We will follow an overview path to understand the role of vector databases in Enterprise AI. We will start with understanding vector embeddings, which will help us understand vector databases better. We will then explore how vector databases work with RAGs in an Enterprise AI context and close the overview with an example. So, let us get started.

Vector Embeddings

I assume you are familiar with Natural Language Processing (NLP) tools, that can interpret unstructured data, like words in a document. Tools that perform tasks, like capturing meanings and relationships between words in a document, convert the data in those documents (words and sentences) into a specific format, into numbers, so that they can be interpreted by the algorithms. This process is called vector embedding. So, if we were to formalize vector embeddings as a definition, it will be:

Vector embeddings help convert words and sentences, and other forms of unstructured data, into numbers that capture the meaning and relationship of those words and sentences.

Due to their popularity, we are all very familiar with Large Language Models (LLMs), like the ones powering ChatGPTs and BARDs of the world. These LLMs can transform regular data into vector embeddings and store these embeddings in the vector space. The numerical form of these vector embeddings helps identify semantic meaning in the data, relationships, or patterns and clusters.

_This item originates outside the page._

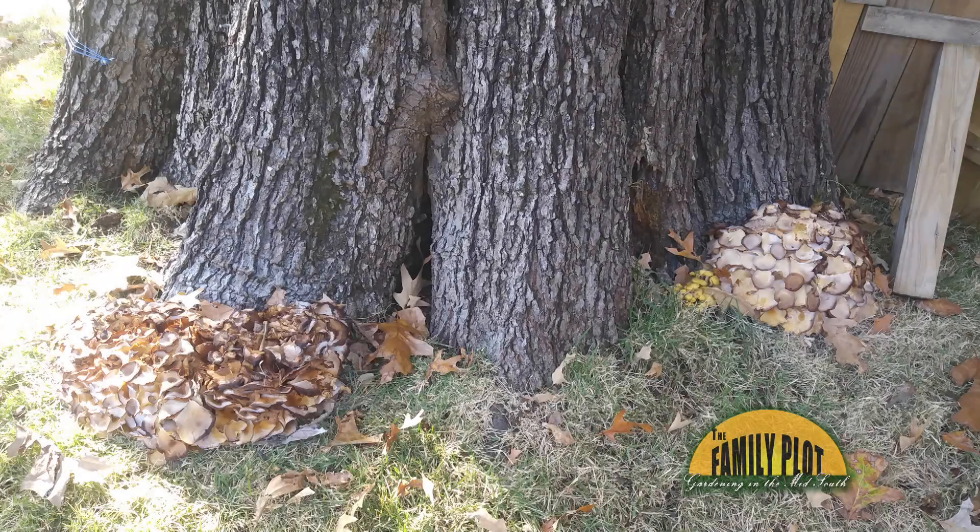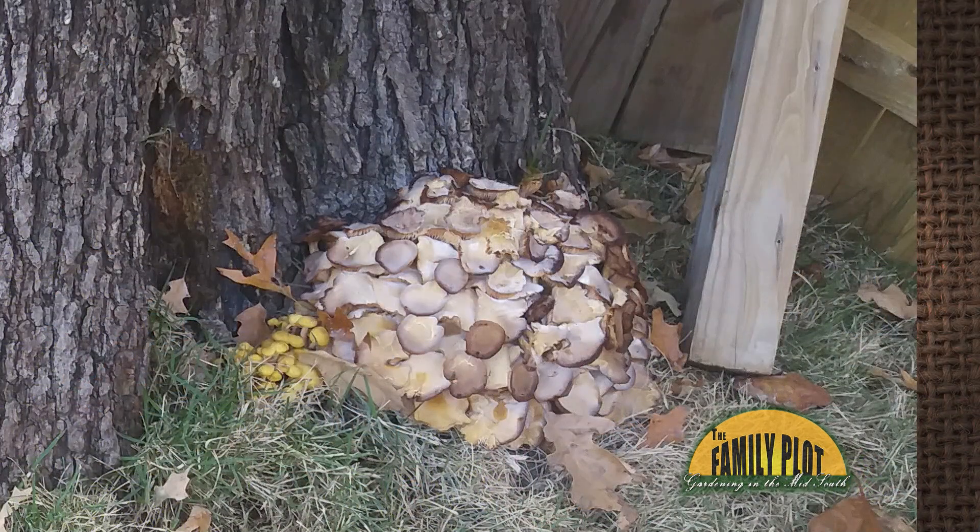These mushrooms have been growing around the base of the trunk of my oak tree the last few falls. Should I be worried about this?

Let us overview some popular (frequently used) types of embeddings

  • Word embeddings represent each word as a vector
  • Sentence embeddings represent whole sentences as vectors.
  • Document embeddings represent documents, like emails, academic papers, books) as vectors.
  • Image embeddings represent images as vectors by capturing a gamut of visual features.
  • User embeddings represent users in a system or platform as vectors and capture details like user preferences, behaviors, and characteristics.
  • Product embeddings represent products in e-commerce or recommendation systems as vectors. These embeddings capture attributes, features, and any other semantic information available on the product.

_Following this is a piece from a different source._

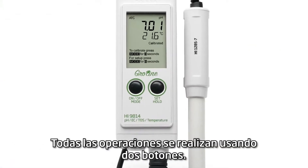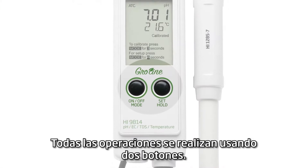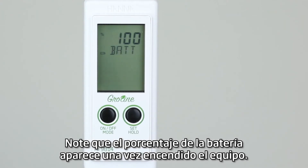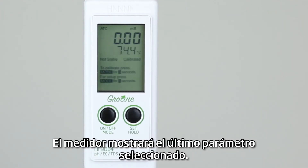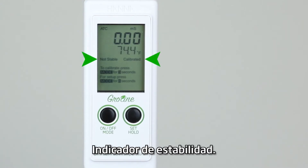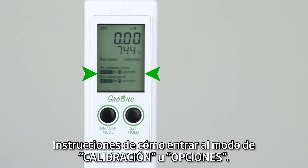All operations are performed through the use of two buttons. Press the on/off mode button to turn the meter on. Note the battery percentage level upon startup. The meter will display the last selected parameter, temperature, stability indicator, and instructions on how to enter calibration and setup modes.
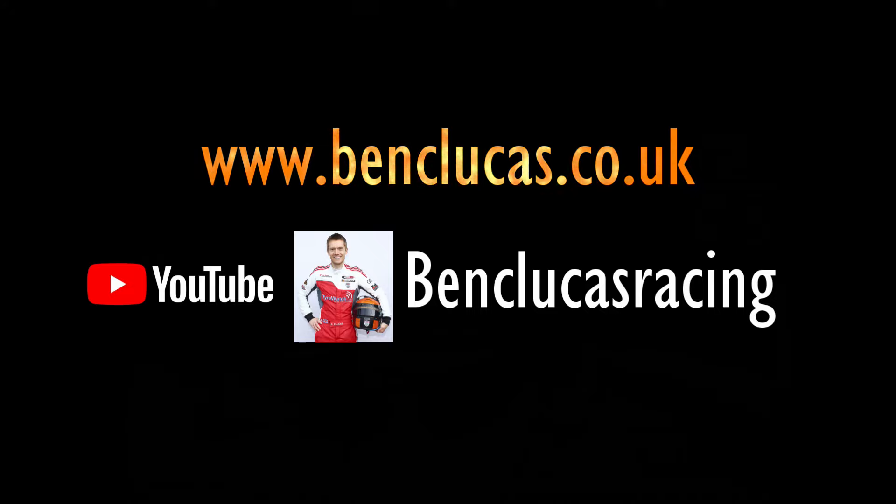I hope you found that trail braking video useful. I will be adding more Caterham Academy training videos to my YouTube channel Ben Clickers Racing, so keep an eye on that for updates.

As you can interpret from the definition and description, Regular databases like  RDBMS or NoSQL databases can not effectively store vector embedding data with multi-dimensions. That is why we need a vector database. Let us understand vector databases before understanding how they can play a role in Enterprise AI.

Vector Database

The challenge of working with vector data is that traditional scalar-based databases can’t keep up with the complexity and scale of such data, making it difficult to extract insights and perform real-time analysis.

Vector databases come to the rescue by offering optimized storage and querying capabilities explicitly designed for embeddings. Vector databases bring the flavor of a traditional database to vector embedding data that does not exist in standalone vector indexes. These databases also act as specialized databases for dealing with vector embeddings, which traditional scalar-based databases lack. They allow you to add advanced features to your AI applications, like semantic information retrieval, long-term memory etc.

Emerging role in Enterprise AI with RAGs

As highlighted in my article, How RAGs Are Transforming Enterprise AI, I provided an overview of how RAGs can help organizations leverage LLMs with their internal data repositories. Let us understand how vector databases fit into the context. Figure 1 illustrates an overview of the architecture:

Figure 1: Overview of vector database-enabled RAGs

Now let us use the architecture above to illustrate an example of how this architecture helps add a whole new level of capability to Enterprise AI. The example has been illustrated in Figure 2.

Figure 2: An example interaction

Right now, we are mostly fixated with applications in word, sentence and document embeddings, when it comes to uses like the one illustrated above. But the real opportunity, one that will completely explode the usage of LLM-powered assistants in Enterprise applications, is where you can go beyond text into numbers. We know that RDBMS databases can be converted into vector databases as well. If you are unfamiliar, this blog, How I Converted Regular RDBMS Into Vector Database To Store Embeddings, is a good introduction.

This essentially allows us to use LLM-powered assistants in more powerful ways than ever. Now, an OpenAI Dev Day announcement a couple of months ago may seem like it will kill the very need for vector databases. If you are unfamiliar with it, OpenAI released an integrated retrieval feature. But as you may have realized at this point, it is far from where you need it to be to build unique capabilities like the ones highlighted above. You can read more about OpenAI’s integrated retriever in the article, Do We Still Need Vector Databases for RAG with OpenAI’s Releasing of Its Built-In Retrieval?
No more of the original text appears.